Even the best paint jobs need a touch-up now and then. High-traffic areas such as hallways and bathrooms, as well as walls around light switches, are subject to heavy wear so they will need to be freshened with a touch-up once in a while. Plus, there may be areas that were missed in the original paint job or have been damaged. This is the opportunity to make it right.
While a touch-up sounds quick and easy, it can be quite a challenge. Matching the original paint job is the most difficult part and is subject to obstacles such as if the same paint used on the project is available and the age of the paint on the wall, which may have discolored with time.

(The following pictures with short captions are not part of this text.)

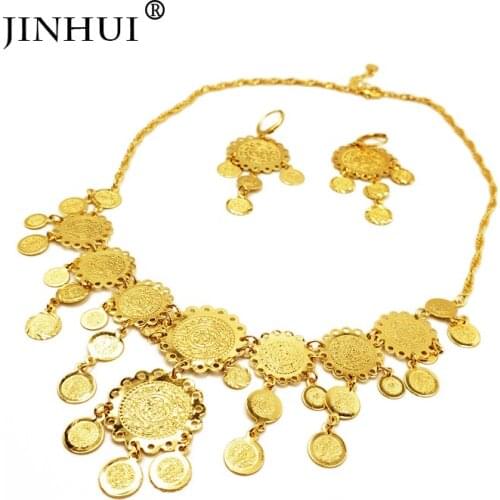 Jin Hui African Fashion gold color coin jewelry sets women Anniversary gifts wedding Necklace Earrings sets 60cm Pendant Gift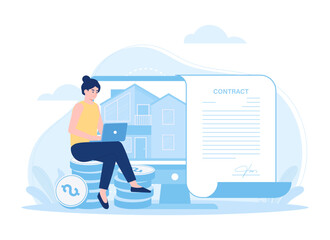 Contract for the sale of the house trending concept flat illustration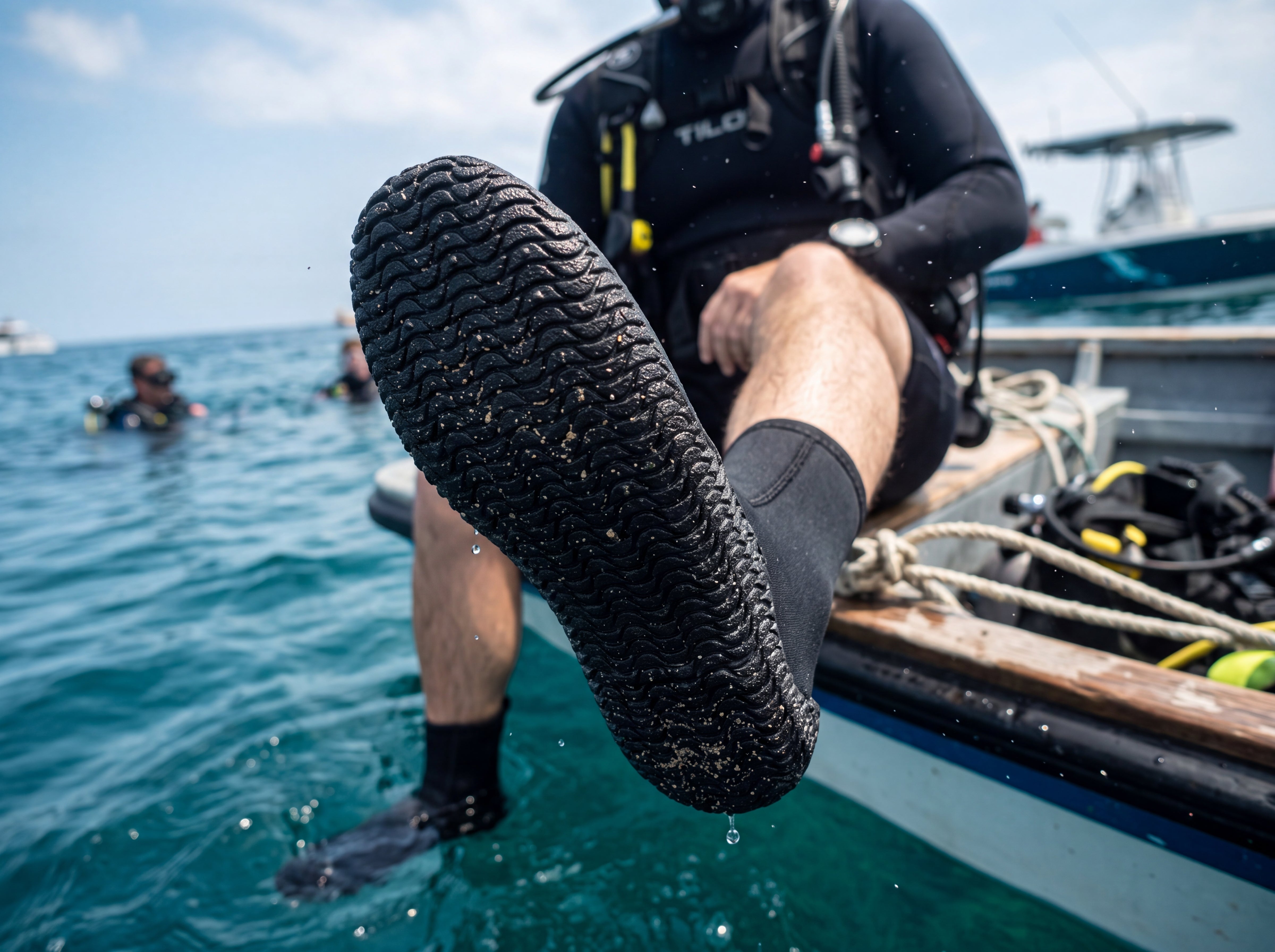 Diver wearing the Tilos 3mm Titanium Zip Trufit Boot seated on a dive boat and lifting its molded sole toward the camera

But, if done correctly, a touch-up should blend acceptably with the surrounding paint area. Just know that most touch-ups usually aren't exact but, chances are, only you will know the differences — and we won't tell!
- Clean the surface area — Make sure the surface area is clean and free from any dirt, dust, grease or oils. The surface must be dry and free from all loose or peeling paint.

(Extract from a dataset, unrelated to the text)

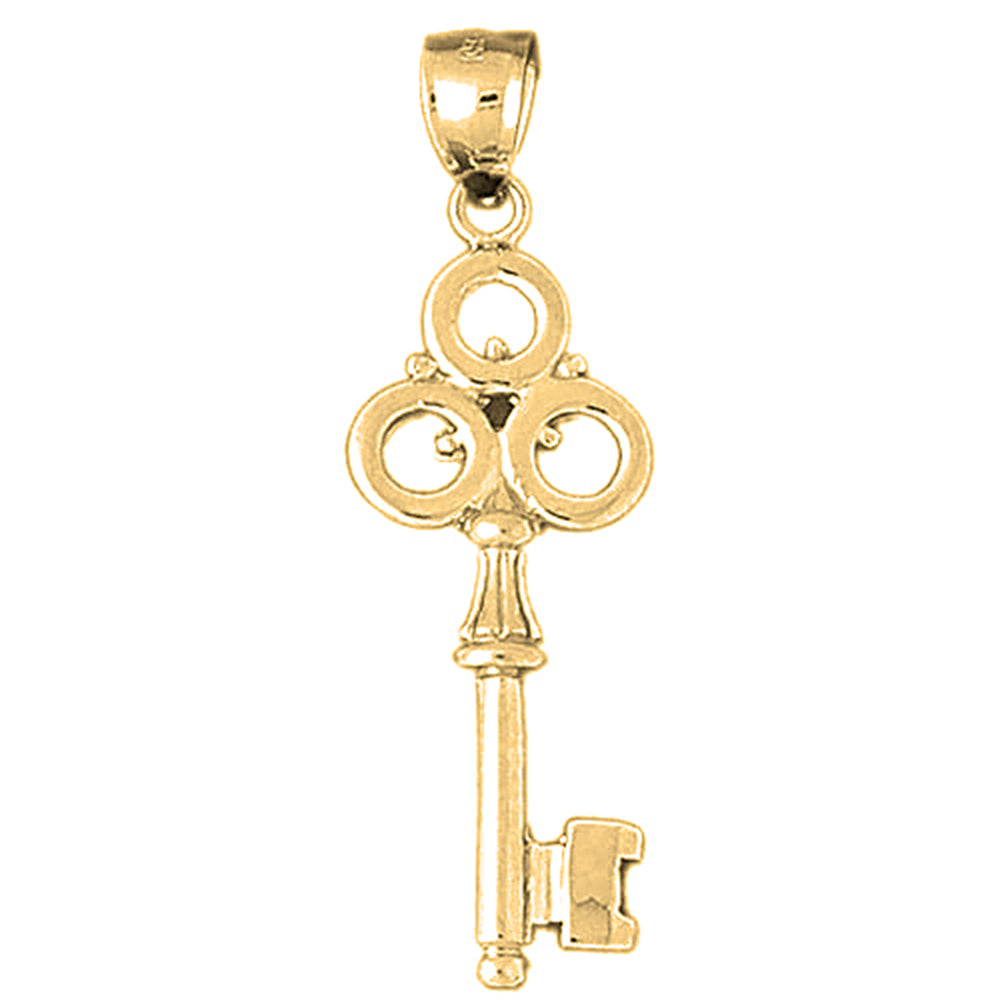 10K, 14K or 18K Gold Key Pendant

- Use the same batch of paint — Hopefully, any unused paint was kept. This is your best chance of getting the color to match. If the original paint isn't available, make sure the touch-up paint has been tinted properly (correct base, correct color formula and product.) You will want to apply the touch-up in the same manner in which the original paint was applied. If the original coat was sprayed, it may not be possible or practical to perform the touch-up using the same application procedure.
- Thin the paint — When performing a touch-up on a smooth wall with a water-based, non-flat paint, the paint should be thinned (about 5% to 10% with clean water) in order to help minimize the sheen difference from the original application.

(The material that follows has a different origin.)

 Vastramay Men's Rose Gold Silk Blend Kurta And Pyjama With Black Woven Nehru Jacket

- Use a roller, if possible — A roller will give you better quality and blending than a brush. The preferred roller is a "weenie" roller with a good, quality synthetic cover. Choose a nap thickness of ¼ - to ½ inch.
- Use less paint — When loading the roller, use the least amount of paint necessary. This will help limit excessive film build in the touched-up area.
- Avoid feathering — When performing a touch-up on a smooth wall with a brush, avoid feathering into the originally painted areas. Feathering with a brush will produce a flat "halo" (outline) around the touch-up. Feathering with a synthetic roller cover will aid in blending slight differences in color and sheen without producing a noticeable halo.
If the surface you are working on requires an excessive number of touch-up applications, it may be best to repaint the entire wall from corner to corner. Repainting the full wall will also give you the best look for your touch-up efforts.